At one point in the video below, the man filming says, “Seattle is lost.”
The same could be said for so many major American cities. Once bustling and beautiful, Democrat-run cities have declined into open-air prostitution markets, drug dens, and places to lie down and die for the addicted and destitute.
This short video from Johnathan Choe at the Discovery Institute starts out looking like it will be funny.
And to be fair, the beginning does give a chuckle. The nearly naked woman in the beginning could be metaphor for the modern American mind. She asks the videographer, “What you recording for?”, as if it were the most natural thing in the world to dress as a budget-grade working girl in broad daylight in front of the self-serve coffee bar at a mini-mart.
Because it is normal, now, isn’t it, in too much of America? In just 10 to 15 years behavior that would have had someone arrested for public indecency or lewdness is not only tolerated, but defended and “celebrated.” Employers are telling survey-takers that young people, recent college graduates, are the hires they most regret. Companies say Gen Z graduates can’t manage the basics like making eye contact or dressing appropriately for work.
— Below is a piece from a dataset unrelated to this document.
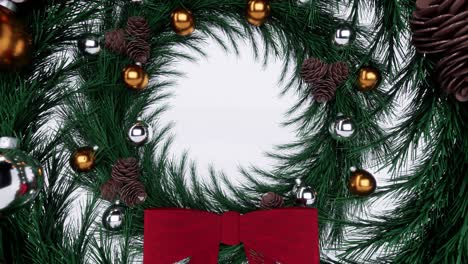 Christmas-fir-wreath-with-red-ribbon,-gold-and-silver-balls,-and-stone-pines,-on-white-glossy-background-3D-animation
It is no surprise that the woman depicted in the video believes her “professional” attire is suitable for a public store with children present.
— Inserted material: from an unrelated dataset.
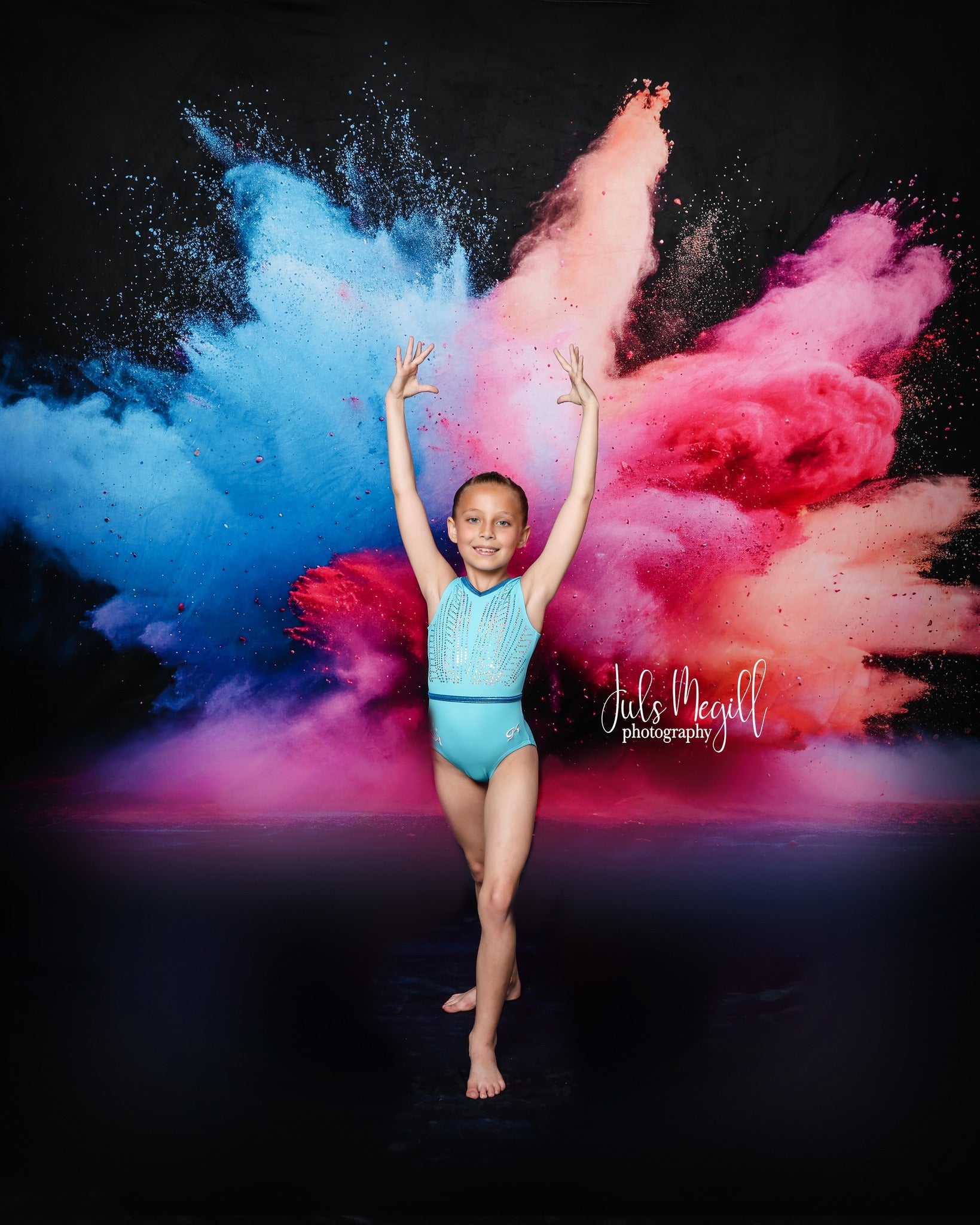 Girl dancing in front of colorful burst of powder fabric backdrop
But when we go outside with the camera, the picture gets darker. A woman standing in the parking lot appears to be bent over awkwardly in a way that indicates hard-drug use. Behind the chain link fence next door a man is kneeling with his head on the ground while the camera man asks if he’s all right, and if he needs help. It’s sadly pointless; he’s completely incoherent and does not appear to know who he is or where he is.
Senator John Thune pointed out three years ago that a big part of the problem is the Black Lives Matter-inspired “defund the police” movement. “American communities are less safe today than they were a year ago. Crime rates have surged since ‘defund the police’ became a rallying cry,” he wrote.
In the intervening years, little seems to have improved. Drug overdose deaths have quadrupled between 2002 and 2022. This writer can confirm that the New England city where he lives—often depicted in tourist post cards—now has no-go zones filled with drug users, prostitutes, hypodermic needles, and human feces on the ground in areas that used to be middle-class neighborhoods.
The left insists that it has a bigger heart and cares more for the downtrodden than anyone. If that is true, why are so many people literally dying in the streets?